Author: Autumn Markus
Genre: Adult Contemporary
Publication Date: December 17, 2013
Publisher: Omnific Publishing
Event organized by: Literati Author Services, Inc.
Abby Reynolds is burned out.
Since clawing her way into a great position at a Boston museum, she’s been saddled with a scheming intern and a nagging boss. She’s scuttled her own painting dreams, her cat refuses to be box trained, and now the most boring man on the eastern seaboard just told her, “It’s not you, it’s me.”
Her bestie Sarah offers a much-needed escape: a summer of sand, sea, and younger men in Santa Cruz…
Hot young bike racer Jason is sexy, unattached, and completely ready to spend a summer in uncomplicated flirtation. Since Abby has decided love is off the table, he seems like the perfect match.
Then she meets Matt. Sculptor, surfer (and age appropriate), he’s everything she gave up wanting and then some. He’s a grown-ass man with his own life issues: does he want to sculpt for love or for profit? What about that twentysomething model who’s always clinging to him? Is he ready to let a woman invade his Fortress of Solitude?
Abby has to decide whether she’s satisfied with leaving behind the idea of Mr. Right and settling for Mr. Right Now.
Grown up love. It’s complicated.
Ten things that inspire me (in no particular order)-Autumn Markus
10) Music--I absolutely cannot imagine life without music. It’s a constant in my house, in a wide variety of genres. When I write, music that fits the book is a given. Art of Appreciation has a lot of Jack Johnson in there!
9) Friends—I have some of the best, funniest, most down to earth friends anyone could hope for. They make me laugh, make me cry, and best of all, make me think about a lot of things from different angles. Plus, they don’t butt kiss—they’re not afraid to tell it like it is and keep me on track.
8) Sociology—No, seriously! How people relate to one another is fascinating! We have such different reactions, varied according to age, sex, location, whether we’re in a group or alone… wow.

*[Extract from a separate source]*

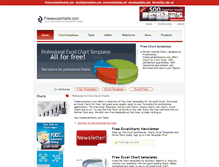 Tablet Screenshot of freeexcelcharts.com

7) Movies—Not so much in copying scenes/plotlines/etc., but movies are invaluable in developing an ear for dialogue. If it sounds dumb/stilted/silly when spoken aloud, a reader is going to notice that. We’re such a visual society, too, and using movies as a guideline helps a writer to know how much visual detail is necessary to set a scene.
6) My family—Where else could I ever find a group of people with whom I can carry on nearly an entire conversation in movie dialogue and song lyrics? I love those people!

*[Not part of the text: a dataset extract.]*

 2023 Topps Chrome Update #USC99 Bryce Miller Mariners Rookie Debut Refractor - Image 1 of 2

5) Stephen King—Again, really. His scary stories aren’t the reason I love him (nor are his people stories, for that matter). What inspires me is his absolute dedication to creating characters that speak and act realistically, even in the most fantastic situations.
4) Other writers—I tend to first draft like Dickens (but without his talent): huge, bloated manuscripts with far too much detail. Then I have to rewrite and rewrite and rewrite to be sure I have everything I need on the page and nothing I don’t. Reading a book like Neil Gaiman’s The Ocean at the End of the Lane, is a revelation and a challenge. It’s heartbreaking, beautiful, action-packed… and less than 200 pages. *sigh*
3) Actors—Time to get shallow. But I ask you, who can look at someone like Tom Hardy (sexy, scary, suave, and my current swoon) and not get ideas about interesting situations you’d like to find them in? Nick, from Cocktails & Dreams, was always a young Thomas Gibson to me (because the guy from my real college life who he was based on looked just like Mr. Gibson). Matt, from Art of Appreciation, is definitely someone in my mind, too. I’m just not telling who-lol.
2) My husband—Yeah, I know I already said ‘my family’, but he deserves his own category. He makes me laugh, isn’t afraid to argue with me, and is endlessly inventive (take that as you will).
1) Readers—No, this isn’t butt kissing. The rule of thumb is that a writer first writes for themselves—you have to like what you’re writing to do it well—but a lesser known codicil is that a writer rewrites for the reader. We ask ourselves: Is the story clear? Do all the details make sense outside of my head? Is the reader going to be able to envision where that hand is resting, and, god forbid, have I screwed up and there are somehow three hands in action? Readers can’t be fooled, and they’re not dumb. Act of Appreciation was actually inspired by a conversation about relationships and what we expect from them, with a group of readers of mixed ages and sexes who had read my first book. Readers rule!
Autumn Markus traveled far and wide as a military brat, but her heart was always in the American west, where she was born. She hikes, reads and writes there still, along with snuggling her husband, four children, and a horsedog. She freelance edits for other authors, reviews Women’s Fiction for the New York Journal of Books, and is the author of the contemporary romances Cocktails & Dreams and A Christmas Wish. She is currently at work on her next novel.